Paginating Record Sets In ColdFusion With One SQL Server Call

Published 2007-10-11 in ColdFusion, SQL — Comments (22)

A while back, I wrote a blog post on pagination record sets using ColdFusion and two SQL server calls. The first database call was to get a list of valid IDs that match your search criteria. This list was then used to calculate the pagination data (pages, offset, start, prev, next, etc.). The second call was then to get the N number of full records that corresponded to the IDs that needed to be displayed on the page.

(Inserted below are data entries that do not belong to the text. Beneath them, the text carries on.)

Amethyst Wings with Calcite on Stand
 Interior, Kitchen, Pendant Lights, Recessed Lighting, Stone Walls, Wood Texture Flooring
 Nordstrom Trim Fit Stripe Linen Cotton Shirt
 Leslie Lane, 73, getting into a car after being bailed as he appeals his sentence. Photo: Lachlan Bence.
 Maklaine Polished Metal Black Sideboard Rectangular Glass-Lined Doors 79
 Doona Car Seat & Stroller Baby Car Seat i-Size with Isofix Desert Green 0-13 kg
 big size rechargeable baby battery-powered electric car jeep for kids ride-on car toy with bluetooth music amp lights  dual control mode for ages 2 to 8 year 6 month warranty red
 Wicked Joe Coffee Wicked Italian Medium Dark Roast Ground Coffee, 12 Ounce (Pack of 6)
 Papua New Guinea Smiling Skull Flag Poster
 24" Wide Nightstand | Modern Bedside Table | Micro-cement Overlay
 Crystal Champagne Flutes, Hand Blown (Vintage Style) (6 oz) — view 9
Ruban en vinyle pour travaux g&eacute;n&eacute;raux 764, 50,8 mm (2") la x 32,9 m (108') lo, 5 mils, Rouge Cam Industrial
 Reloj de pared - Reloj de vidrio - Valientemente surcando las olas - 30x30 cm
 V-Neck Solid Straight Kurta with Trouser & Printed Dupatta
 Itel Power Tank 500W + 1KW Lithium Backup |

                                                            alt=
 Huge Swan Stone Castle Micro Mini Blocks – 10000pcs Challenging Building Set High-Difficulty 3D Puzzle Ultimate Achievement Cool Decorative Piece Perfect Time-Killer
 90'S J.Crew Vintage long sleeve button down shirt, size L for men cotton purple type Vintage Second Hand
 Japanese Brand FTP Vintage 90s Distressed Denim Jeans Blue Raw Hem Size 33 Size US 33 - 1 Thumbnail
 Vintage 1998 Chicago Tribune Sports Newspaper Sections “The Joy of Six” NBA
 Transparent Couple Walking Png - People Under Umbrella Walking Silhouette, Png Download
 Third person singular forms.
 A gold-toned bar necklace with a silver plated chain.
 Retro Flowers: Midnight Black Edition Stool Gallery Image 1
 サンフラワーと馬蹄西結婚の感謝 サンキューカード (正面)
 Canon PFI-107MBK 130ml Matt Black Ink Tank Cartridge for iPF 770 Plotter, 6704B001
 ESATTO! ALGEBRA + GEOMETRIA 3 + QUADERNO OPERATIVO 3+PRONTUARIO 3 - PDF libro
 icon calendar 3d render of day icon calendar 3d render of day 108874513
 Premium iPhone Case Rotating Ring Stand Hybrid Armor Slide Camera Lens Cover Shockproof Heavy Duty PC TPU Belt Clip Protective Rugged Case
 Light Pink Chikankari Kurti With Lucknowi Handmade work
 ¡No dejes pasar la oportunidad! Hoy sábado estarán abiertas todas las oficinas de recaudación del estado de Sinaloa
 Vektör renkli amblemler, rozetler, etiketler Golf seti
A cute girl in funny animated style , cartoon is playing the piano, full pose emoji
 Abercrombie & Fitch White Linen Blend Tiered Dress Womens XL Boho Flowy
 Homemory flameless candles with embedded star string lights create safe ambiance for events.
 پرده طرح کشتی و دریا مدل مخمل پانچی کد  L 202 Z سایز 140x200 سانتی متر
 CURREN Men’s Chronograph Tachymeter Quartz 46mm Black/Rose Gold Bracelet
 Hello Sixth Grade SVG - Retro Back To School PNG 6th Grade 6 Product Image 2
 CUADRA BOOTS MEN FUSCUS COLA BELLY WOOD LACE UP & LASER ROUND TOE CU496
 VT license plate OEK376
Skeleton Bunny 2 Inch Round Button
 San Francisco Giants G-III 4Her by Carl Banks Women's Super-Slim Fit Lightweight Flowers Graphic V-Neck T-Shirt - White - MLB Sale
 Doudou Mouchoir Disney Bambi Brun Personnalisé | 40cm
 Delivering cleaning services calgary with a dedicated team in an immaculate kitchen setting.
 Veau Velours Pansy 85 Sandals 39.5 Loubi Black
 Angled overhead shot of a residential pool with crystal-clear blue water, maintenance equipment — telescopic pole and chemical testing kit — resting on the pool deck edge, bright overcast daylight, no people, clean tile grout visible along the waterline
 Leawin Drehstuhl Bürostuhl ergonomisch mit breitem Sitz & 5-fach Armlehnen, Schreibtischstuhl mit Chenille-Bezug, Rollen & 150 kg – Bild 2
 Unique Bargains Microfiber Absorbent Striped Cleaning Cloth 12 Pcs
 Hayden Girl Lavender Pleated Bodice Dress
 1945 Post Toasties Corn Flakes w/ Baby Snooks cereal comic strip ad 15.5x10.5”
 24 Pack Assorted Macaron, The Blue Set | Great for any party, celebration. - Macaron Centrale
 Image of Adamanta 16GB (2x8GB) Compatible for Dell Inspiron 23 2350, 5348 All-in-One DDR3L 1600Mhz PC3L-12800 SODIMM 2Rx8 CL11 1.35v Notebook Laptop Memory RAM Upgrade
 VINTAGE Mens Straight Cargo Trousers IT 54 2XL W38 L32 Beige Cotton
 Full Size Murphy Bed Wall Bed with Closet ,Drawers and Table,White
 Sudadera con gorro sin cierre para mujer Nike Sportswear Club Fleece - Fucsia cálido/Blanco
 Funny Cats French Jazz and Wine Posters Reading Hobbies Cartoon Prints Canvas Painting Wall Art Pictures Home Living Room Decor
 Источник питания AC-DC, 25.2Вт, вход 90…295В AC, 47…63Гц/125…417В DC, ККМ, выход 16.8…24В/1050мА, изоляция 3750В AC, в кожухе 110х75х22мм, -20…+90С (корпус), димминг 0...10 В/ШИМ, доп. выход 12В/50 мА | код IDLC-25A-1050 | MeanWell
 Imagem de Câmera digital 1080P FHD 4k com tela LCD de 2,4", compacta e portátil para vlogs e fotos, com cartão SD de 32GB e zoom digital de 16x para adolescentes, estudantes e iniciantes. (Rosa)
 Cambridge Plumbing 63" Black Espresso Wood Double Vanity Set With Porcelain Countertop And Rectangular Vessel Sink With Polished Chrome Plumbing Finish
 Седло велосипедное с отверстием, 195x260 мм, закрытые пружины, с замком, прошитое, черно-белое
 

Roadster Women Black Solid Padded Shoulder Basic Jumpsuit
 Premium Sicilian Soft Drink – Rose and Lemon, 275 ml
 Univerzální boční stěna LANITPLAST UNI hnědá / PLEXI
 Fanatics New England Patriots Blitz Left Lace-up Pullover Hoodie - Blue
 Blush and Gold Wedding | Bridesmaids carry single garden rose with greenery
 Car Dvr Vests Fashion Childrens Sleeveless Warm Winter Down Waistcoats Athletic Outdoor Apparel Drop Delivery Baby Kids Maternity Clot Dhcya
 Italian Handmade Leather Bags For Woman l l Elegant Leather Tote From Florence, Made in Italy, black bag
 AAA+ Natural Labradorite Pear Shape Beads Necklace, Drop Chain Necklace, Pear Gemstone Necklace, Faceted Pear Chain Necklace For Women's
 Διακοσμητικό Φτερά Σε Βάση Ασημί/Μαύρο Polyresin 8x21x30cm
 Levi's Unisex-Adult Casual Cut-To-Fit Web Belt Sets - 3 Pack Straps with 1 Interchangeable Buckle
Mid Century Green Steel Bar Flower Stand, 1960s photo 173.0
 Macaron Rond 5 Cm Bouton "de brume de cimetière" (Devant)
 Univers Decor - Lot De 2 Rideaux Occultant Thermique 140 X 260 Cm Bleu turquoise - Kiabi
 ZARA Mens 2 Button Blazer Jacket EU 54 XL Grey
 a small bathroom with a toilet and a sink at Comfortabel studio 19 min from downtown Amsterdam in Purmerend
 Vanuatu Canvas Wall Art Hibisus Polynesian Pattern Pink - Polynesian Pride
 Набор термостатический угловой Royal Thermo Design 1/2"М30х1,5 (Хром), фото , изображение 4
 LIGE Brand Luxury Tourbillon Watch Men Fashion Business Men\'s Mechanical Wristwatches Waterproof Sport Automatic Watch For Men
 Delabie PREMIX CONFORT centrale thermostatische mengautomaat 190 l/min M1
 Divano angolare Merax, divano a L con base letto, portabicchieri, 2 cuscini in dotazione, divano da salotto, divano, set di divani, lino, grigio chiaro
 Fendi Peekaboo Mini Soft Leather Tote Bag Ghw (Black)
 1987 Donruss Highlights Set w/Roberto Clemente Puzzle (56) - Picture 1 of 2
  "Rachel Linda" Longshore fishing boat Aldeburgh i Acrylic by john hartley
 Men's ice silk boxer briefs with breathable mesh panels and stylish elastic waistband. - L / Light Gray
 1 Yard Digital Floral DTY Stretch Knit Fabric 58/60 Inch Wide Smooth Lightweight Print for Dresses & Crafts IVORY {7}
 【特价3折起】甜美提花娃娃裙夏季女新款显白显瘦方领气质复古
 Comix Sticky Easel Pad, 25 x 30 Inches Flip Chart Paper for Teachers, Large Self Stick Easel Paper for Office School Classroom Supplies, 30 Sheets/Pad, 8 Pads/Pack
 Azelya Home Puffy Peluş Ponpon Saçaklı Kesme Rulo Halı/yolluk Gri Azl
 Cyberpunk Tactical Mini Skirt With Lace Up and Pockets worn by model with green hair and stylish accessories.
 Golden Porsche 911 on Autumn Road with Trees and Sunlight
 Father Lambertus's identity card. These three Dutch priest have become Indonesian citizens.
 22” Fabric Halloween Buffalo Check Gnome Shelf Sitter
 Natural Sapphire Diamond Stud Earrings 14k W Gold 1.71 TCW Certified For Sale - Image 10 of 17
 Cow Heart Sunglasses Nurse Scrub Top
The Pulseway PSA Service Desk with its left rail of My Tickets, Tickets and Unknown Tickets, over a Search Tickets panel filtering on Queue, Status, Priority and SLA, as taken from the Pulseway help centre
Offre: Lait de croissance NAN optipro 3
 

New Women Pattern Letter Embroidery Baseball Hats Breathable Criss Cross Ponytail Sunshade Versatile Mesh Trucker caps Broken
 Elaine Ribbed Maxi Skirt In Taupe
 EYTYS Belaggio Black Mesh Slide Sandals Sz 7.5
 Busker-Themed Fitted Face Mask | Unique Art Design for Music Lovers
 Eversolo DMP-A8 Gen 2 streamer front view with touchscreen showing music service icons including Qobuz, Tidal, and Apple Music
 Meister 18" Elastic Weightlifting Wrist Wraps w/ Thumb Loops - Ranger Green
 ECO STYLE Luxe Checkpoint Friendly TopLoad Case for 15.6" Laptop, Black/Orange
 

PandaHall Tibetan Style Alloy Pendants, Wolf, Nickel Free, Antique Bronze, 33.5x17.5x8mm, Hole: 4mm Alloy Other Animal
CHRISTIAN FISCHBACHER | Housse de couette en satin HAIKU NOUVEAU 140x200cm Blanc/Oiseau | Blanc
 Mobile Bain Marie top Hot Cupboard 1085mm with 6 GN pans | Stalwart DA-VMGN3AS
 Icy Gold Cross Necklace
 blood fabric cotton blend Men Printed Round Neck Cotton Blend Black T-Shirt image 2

I have been mostly happy with this technique, however, I have always been disappointed that I had to perform two database calls. Ideally, I would just perform one call to the database to get the same amount of data. Based on an idea that I got from my main man, Simon Free, I took my original pagination idea and transformed it into a single database call. I am not sure if this is better or faster, but I do know that the algorithm is very similar to my original idea MINUS the first database call, and therefore, I can only guess that it is faster.

The idea here is that instead of returning an initial query that has the matching record IDs, I am going to populate a temporary, in-memory table with those IDs. The trick, though, is that this temporary SQL table has an additional column that is an auto-incrementer. As the IDs get inserted into the temp table, the auto-incrementing column creates an index of row numbers. This temp table can then be easily joined to the target table or insanely simplistic filtering and ordering of the final records.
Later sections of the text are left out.